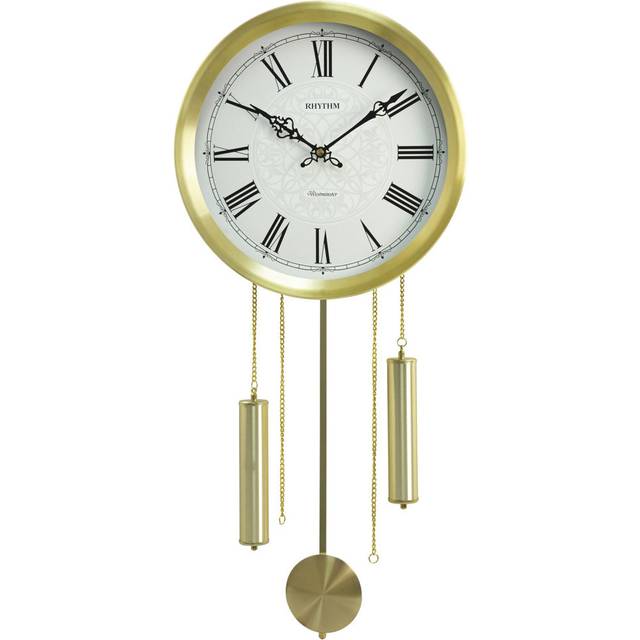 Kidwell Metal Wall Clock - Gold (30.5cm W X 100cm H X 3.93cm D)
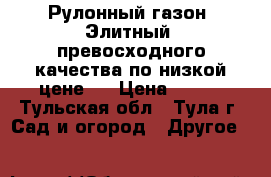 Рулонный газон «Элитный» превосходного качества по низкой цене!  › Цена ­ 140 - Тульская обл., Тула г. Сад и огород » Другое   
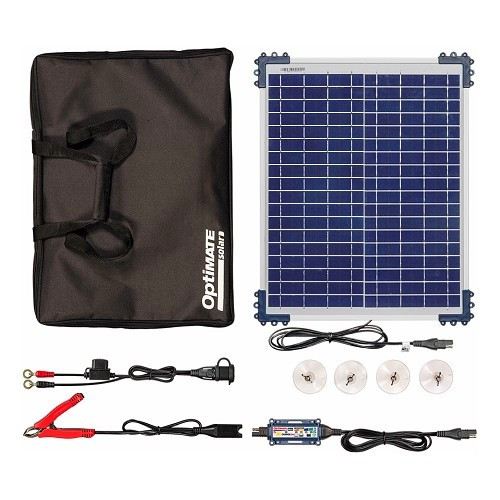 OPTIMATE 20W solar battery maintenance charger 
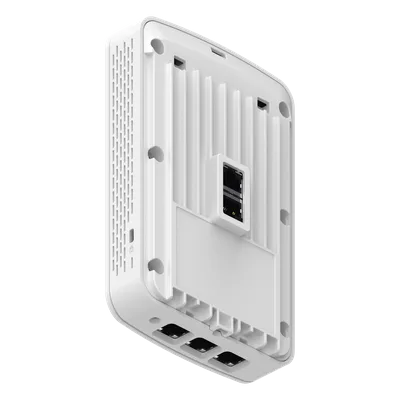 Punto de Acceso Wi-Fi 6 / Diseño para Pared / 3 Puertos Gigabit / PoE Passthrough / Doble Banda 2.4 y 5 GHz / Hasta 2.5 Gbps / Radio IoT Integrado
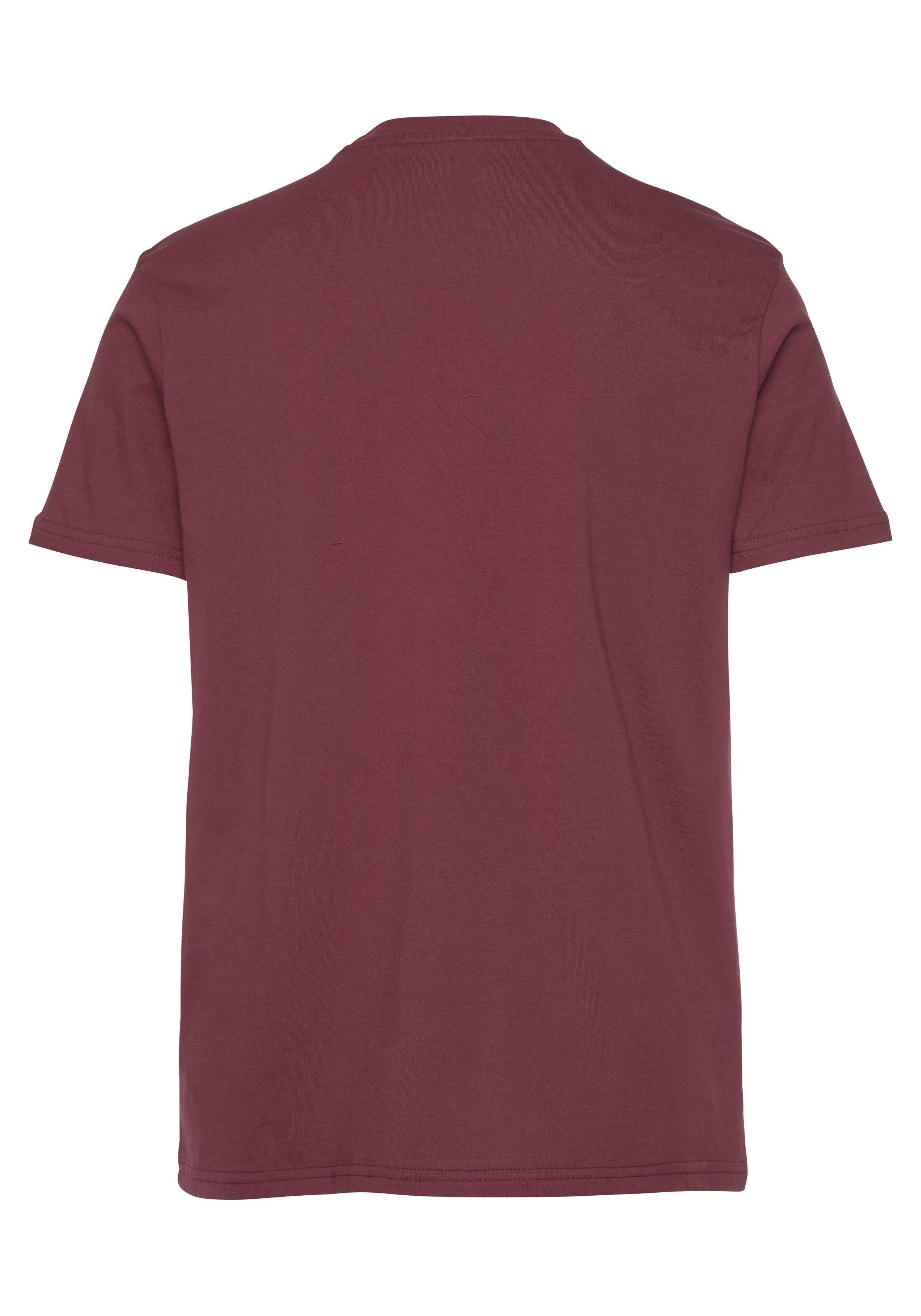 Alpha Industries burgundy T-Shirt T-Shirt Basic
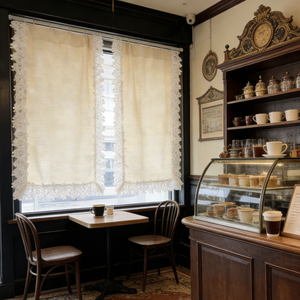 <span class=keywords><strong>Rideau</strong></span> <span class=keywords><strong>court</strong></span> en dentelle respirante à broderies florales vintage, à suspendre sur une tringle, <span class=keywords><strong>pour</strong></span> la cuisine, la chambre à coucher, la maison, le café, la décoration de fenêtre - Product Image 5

--------

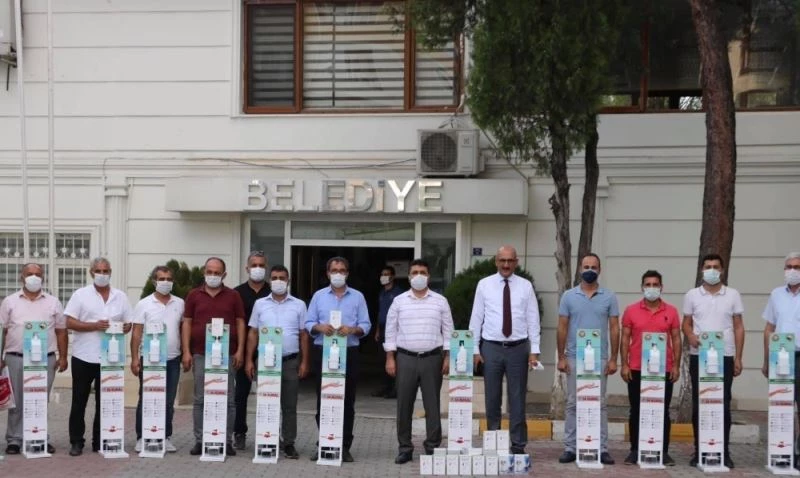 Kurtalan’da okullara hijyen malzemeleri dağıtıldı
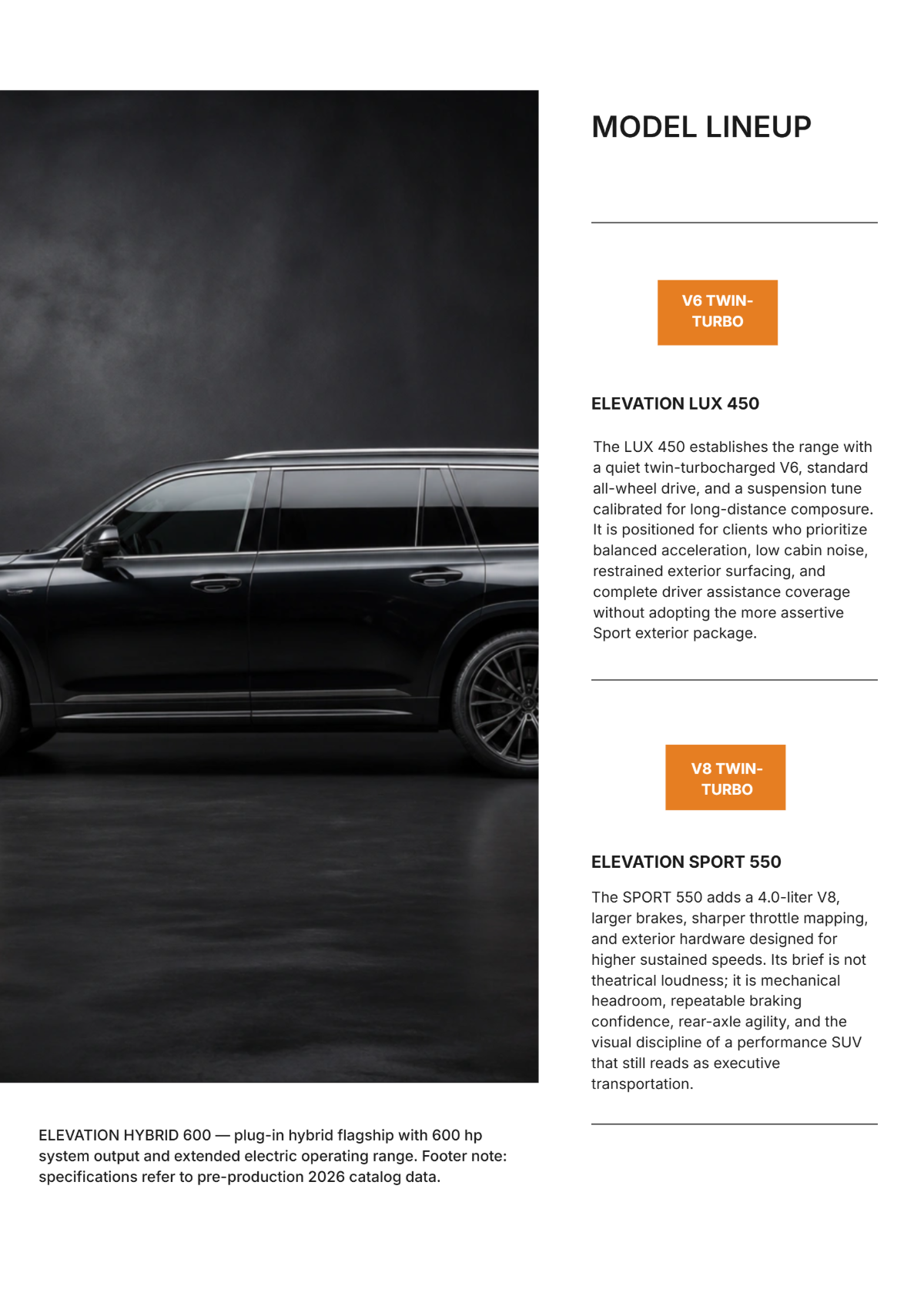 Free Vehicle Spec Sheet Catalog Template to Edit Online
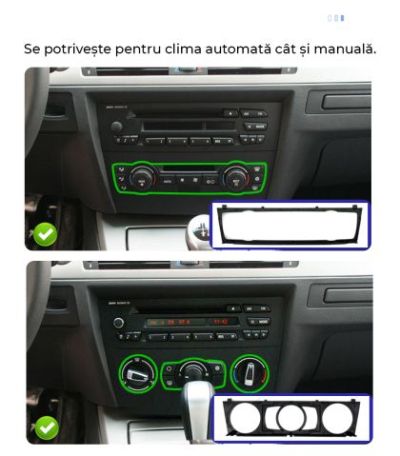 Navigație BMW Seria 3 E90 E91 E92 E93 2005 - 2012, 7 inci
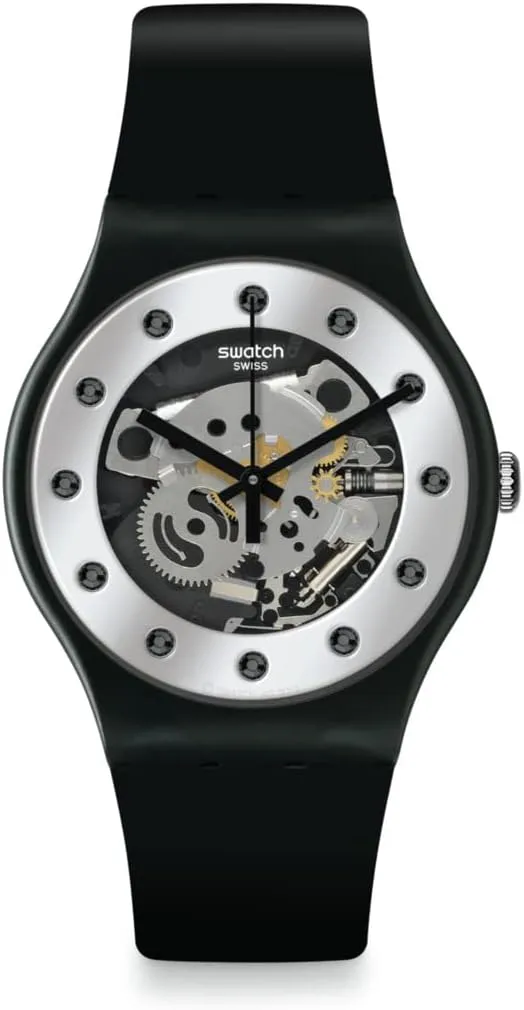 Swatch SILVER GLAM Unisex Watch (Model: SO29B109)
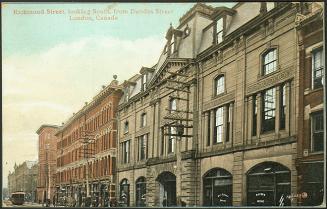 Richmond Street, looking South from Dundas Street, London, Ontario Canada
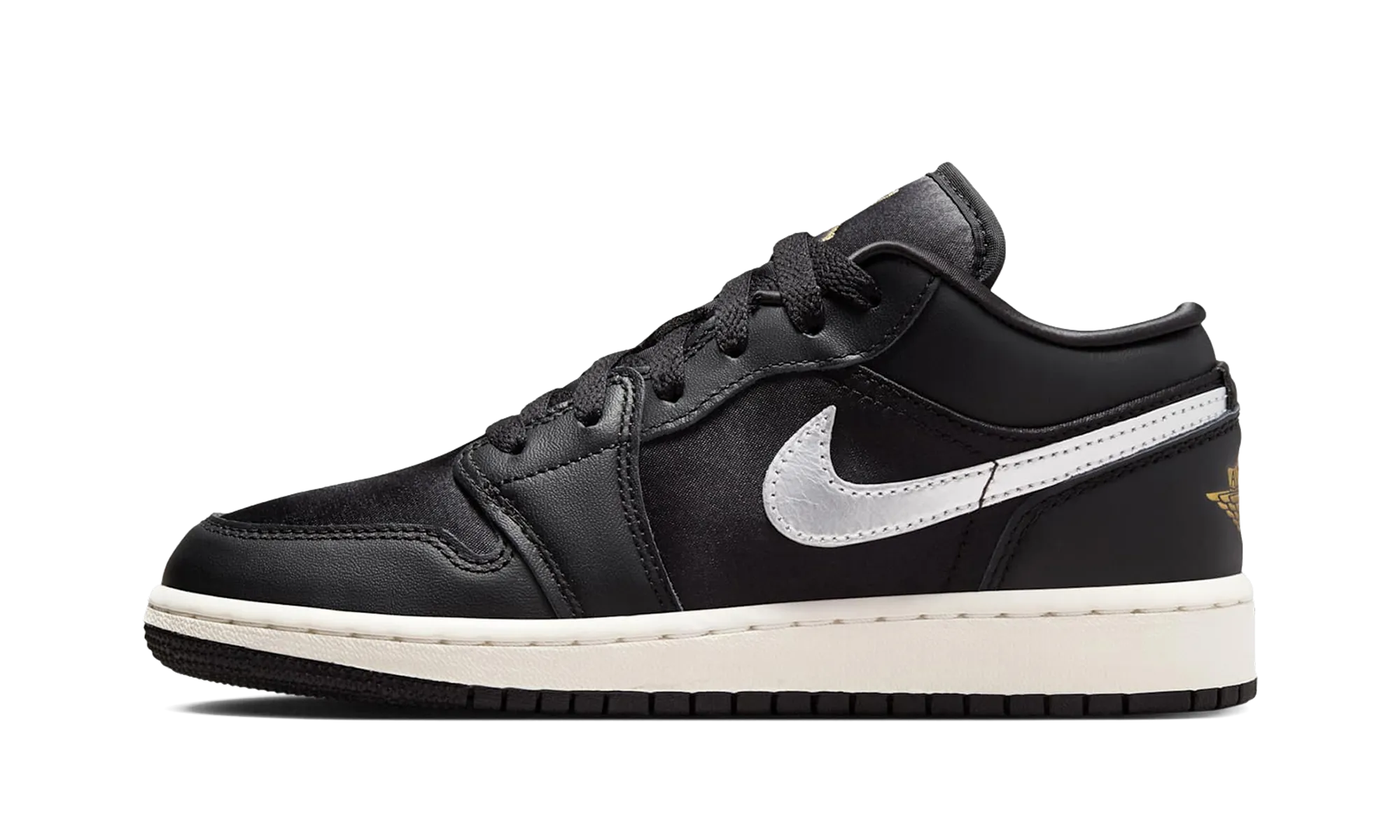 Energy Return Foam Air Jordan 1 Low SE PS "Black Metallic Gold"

--------

**EXERCISE BRIEF**
Using the data above, copy exactly the lines from the one containing "Richmond Street, looking" to the one containing "Energy Return Foam", inclusive. Exclude the pictures.

**EXERCISE OUTPUT**
 Richmond Street, looking South from Dundas Street, London, Ontario Canada
 Energy Return Foam Air Jordan 1 Low SE PS "Black Metallic Gold"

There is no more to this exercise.